Enrique Rivers

Personal information
- Full name: Enrique Rivers Gutiérrez
- Date of birth: January 4, 1961 (age 65)
- Place of birth: Limón, Costa Rica
- Height: 1.70 m (5 ft 7 in)
- Position: Midfielder

Senior career*
- Years: Team / Apps / (Gls)
- 1978–1979: Limonense
- 1980–1984: Saprissa
- 1985: Comunicaciones
- 1985: Guanacasteca
- 1986: Saprissa
- 1987–1988: Limonense /  / (10)
- 1990–1991: Herediano
- 1992–1993: Limonense

International career
- 1983–1989: Costa Rica / 13 / (1)

Managerial career
- 1995–1996: Belén (assistant)
- 1996–1997: Herediano (assistant)
- 1997–2000: Saprissa (assistant)
- 2000: Limonense
- 2001: Saprissa
- 2012–: Saprissa de Corazón

= Enrique Rivers =

Costa Rican footballer (born 1961)

 Enrique Rivers Gutiérrez (born 4 January 1961) became one of the most famous Costa Rican football players during the 1980s.

==Club career==
Rivers made his debut in the Costa Rica Primera División in 1978 with hometown club Limonense.

He played most of his career with Saprissa, as well as for Comunicaciones in Guatemala and Herediano. He retired in 1993.

==International career==
Rivers made his debut for Costa Rica in a March 1983 friendly match against Mexico and he is mostly remembered for scoring the goal against Italy's national team during the 1984 Olympic Games held in Los Angeles. At that period of time, the Italians were the World Cup champions, and their defeat against Costa Rica was a historic event in the football world.

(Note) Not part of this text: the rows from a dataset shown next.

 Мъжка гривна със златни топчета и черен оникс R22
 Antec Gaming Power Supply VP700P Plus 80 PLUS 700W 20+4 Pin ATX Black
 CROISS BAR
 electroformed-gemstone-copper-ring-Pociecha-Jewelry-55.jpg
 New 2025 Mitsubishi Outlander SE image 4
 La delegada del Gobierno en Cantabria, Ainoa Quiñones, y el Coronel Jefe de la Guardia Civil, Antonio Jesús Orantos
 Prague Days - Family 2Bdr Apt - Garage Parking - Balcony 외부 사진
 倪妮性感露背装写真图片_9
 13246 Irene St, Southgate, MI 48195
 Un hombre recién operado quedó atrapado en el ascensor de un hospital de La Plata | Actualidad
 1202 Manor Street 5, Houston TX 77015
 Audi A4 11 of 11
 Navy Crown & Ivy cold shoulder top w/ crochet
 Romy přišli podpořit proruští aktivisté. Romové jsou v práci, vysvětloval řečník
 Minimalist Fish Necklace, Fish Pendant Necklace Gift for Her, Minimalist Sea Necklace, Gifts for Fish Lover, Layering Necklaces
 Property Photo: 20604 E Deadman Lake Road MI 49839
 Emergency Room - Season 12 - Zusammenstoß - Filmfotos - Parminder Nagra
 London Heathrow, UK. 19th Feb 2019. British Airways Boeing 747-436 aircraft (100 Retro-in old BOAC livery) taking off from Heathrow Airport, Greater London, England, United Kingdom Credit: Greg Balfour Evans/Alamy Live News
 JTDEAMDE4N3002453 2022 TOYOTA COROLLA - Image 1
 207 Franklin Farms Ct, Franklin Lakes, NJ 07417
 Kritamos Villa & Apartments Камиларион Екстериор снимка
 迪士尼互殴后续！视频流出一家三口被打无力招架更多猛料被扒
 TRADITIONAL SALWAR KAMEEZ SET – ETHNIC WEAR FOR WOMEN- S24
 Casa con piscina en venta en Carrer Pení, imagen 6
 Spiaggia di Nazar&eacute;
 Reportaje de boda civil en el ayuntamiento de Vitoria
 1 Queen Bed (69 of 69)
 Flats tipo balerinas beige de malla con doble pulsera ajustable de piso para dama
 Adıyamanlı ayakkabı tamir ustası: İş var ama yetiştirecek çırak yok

His final international was a May 1989 FIFA World Cup qualification match against Trinidad & Tobago.

==Managerial career==
After retiring from professional football, Rivers was assistant to manager Alexandre Guimarães for five years at Belén, Herediano and Saprissa, where they won the 1998 and 1999 local championships. His first job in charge was at Limonense in 2000 and he was head coach of Deportivo Saprissa for a short period of time as well, but decided to focus on the coordinating tasks for Saprissa's minor league system, where he has been able to discover and recruit young kids and launch them into successful football careers. In December 2012 he was put in charge of Saprissa's reserve team, Saprissa de Corazón, in the second division.